Required action :: Give back exactly the lines of the material below that start at the line containing "Yellow Sapphire and" and end at the line containing "- Publicité WEVENI", and no others.

::::

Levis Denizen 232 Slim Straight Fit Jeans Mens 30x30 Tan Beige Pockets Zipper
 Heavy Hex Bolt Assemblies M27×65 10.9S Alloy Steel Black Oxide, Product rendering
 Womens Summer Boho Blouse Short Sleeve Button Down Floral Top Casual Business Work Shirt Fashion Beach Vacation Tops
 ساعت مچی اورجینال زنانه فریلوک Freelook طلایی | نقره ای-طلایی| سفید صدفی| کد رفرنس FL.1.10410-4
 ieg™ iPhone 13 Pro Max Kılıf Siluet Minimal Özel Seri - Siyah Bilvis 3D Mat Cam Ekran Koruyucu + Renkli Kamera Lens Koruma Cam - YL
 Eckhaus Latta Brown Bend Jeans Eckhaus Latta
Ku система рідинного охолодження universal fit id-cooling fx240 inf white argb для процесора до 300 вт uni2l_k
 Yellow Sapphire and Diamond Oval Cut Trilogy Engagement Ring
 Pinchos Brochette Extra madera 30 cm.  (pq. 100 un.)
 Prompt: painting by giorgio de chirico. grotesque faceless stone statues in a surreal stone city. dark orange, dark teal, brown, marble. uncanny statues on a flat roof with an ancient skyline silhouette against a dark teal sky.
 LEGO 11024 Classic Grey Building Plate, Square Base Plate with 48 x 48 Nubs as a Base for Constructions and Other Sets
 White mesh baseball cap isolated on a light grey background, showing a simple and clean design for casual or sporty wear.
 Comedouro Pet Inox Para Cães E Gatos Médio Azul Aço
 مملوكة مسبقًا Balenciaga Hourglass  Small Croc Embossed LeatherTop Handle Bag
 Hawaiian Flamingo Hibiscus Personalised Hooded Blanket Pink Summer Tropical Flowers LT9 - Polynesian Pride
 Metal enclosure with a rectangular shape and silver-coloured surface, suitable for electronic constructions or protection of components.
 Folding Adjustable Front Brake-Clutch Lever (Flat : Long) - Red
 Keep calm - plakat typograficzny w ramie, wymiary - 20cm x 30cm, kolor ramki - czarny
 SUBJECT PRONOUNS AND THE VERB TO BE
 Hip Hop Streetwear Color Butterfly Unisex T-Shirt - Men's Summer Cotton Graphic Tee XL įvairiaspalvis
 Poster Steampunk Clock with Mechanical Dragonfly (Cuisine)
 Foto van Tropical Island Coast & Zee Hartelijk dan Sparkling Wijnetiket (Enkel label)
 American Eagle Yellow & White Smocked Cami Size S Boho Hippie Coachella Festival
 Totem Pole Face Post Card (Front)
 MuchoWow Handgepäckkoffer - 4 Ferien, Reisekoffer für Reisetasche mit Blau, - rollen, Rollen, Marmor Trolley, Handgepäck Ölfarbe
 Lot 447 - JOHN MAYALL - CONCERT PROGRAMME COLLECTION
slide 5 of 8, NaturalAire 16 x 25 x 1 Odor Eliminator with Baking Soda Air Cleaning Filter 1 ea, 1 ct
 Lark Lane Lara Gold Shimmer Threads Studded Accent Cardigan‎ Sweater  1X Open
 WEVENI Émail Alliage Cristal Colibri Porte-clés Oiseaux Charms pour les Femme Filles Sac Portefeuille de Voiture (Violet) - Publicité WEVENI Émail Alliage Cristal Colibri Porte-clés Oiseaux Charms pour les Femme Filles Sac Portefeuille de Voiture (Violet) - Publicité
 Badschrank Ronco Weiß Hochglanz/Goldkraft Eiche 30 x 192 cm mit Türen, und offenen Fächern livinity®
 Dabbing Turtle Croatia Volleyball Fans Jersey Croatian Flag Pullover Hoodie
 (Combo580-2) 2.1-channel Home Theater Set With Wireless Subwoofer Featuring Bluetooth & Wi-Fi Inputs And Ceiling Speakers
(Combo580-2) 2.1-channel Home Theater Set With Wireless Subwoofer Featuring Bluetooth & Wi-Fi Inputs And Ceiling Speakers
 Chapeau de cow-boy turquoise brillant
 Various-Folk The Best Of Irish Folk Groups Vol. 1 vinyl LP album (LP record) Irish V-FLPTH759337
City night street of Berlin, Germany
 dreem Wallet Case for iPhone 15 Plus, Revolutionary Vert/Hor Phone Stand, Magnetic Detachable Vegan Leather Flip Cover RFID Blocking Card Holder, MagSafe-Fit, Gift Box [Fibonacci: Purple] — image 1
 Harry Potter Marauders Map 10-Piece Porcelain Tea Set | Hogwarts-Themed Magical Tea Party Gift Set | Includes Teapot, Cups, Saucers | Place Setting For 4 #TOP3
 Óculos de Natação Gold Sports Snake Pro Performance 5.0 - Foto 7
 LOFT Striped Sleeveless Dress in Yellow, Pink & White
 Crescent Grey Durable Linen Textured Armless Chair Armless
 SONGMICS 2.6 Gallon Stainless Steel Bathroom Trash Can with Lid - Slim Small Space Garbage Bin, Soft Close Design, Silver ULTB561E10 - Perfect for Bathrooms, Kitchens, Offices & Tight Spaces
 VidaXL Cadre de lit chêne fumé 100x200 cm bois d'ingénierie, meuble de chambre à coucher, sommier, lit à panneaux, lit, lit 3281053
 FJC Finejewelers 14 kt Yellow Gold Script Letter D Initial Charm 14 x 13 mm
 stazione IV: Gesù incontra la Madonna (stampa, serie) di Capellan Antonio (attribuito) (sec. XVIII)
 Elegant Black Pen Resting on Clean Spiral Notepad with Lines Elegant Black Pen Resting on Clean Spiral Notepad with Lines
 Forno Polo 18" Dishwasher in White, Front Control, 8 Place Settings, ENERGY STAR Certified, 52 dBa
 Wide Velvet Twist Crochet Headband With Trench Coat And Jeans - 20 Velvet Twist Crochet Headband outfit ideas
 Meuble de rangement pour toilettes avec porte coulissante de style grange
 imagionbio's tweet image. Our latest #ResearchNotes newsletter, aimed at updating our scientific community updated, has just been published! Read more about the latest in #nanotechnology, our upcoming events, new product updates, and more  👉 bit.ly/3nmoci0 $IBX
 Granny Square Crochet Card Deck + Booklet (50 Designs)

::::

Answer space ::
 Yellow Sapphire and Diamond Oval Cut Trilogy Engagement Ring
 Pinchos Brochette Extra madera 30 cm.  (pq. 100 un.)
 Prompt: painting by giorgio de chirico. grotesque faceless stone statues in a surreal stone city. dark orange, dark teal, brown, marble. uncanny statues on a flat roof with an ancient skyline silhouette against a dark teal sky.
 LEGO 11024 Classic Grey Building Plate, Square Base Plate with 48 x 48 Nubs as a Base for Constructions and Other Sets
 White mesh baseball cap isolated on a light grey background, showing a simple and clean design for casual or sporty wear.
 Comedouro Pet Inox Para Cães E Gatos Médio Azul Aço
 مملوكة مسبقًا Balenciaga Hourglass  Small Croc Embossed LeatherTop Handle Bag
 Hawaiian Flamingo Hibiscus Personalised Hooded Blanket Pink Summer Tropical Flowers LT9 - Polynesian Pride
 Metal enclosure with a rectangular shape and silver-coloured surface, suitable for electronic constructions or protection of components.
 Folding Adjustable Front Brake-Clutch Lever (Flat : Long) - Red
 Keep calm - plakat typograficzny w ramie, wymiary - 20cm x 30cm, kolor ramki - czarny
 SUBJECT PRONOUNS AND THE VERB TO BE
 Hip Hop Streetwear Color Butterfly Unisex T-Shirt - Men's Summer Cotton Graphic Tee XL įvairiaspalvis
 Poster Steampunk Clock with Mechanical Dragonfly (Cuisine)
 Foto van Tropical Island Coast & Zee Hartelijk dan Sparkling Wijnetiket (Enkel label)
 American Eagle Yellow & White Smocked Cami Size S Boho Hippie Coachella Festival
 Totem Pole Face Post Card (Front)
 MuchoWow Handgepäckkoffer - 4 Ferien, Reisekoffer für Reisetasche mit Blau, - rollen, Rollen, Marmor Trolley, Handgepäck Ölfarbe
 Lot 447 - JOHN MAYALL - CONCERT PROGRAMME COLLECTION
slide 5 of 8, NaturalAire 16 x 25 x 1 Odor Eliminator with Baking Soda Air Cleaning Filter 1 ea, 1 ct
 Lark Lane Lara Gold Shimmer Threads Studded Accent Cardigan‎ Sweater  1X Open
 WEVENI Émail Alliage Cristal Colibri Porte-clés Oiseaux Charms pour les Femme Filles Sac Portefeuille de Voiture (Violet) - Publicité WEVENI Émail Alliage Cristal Colibri Porte-clés Oiseaux Charms pour les Femme Filles Sac Portefeuille de Voiture (Violet) - Publicité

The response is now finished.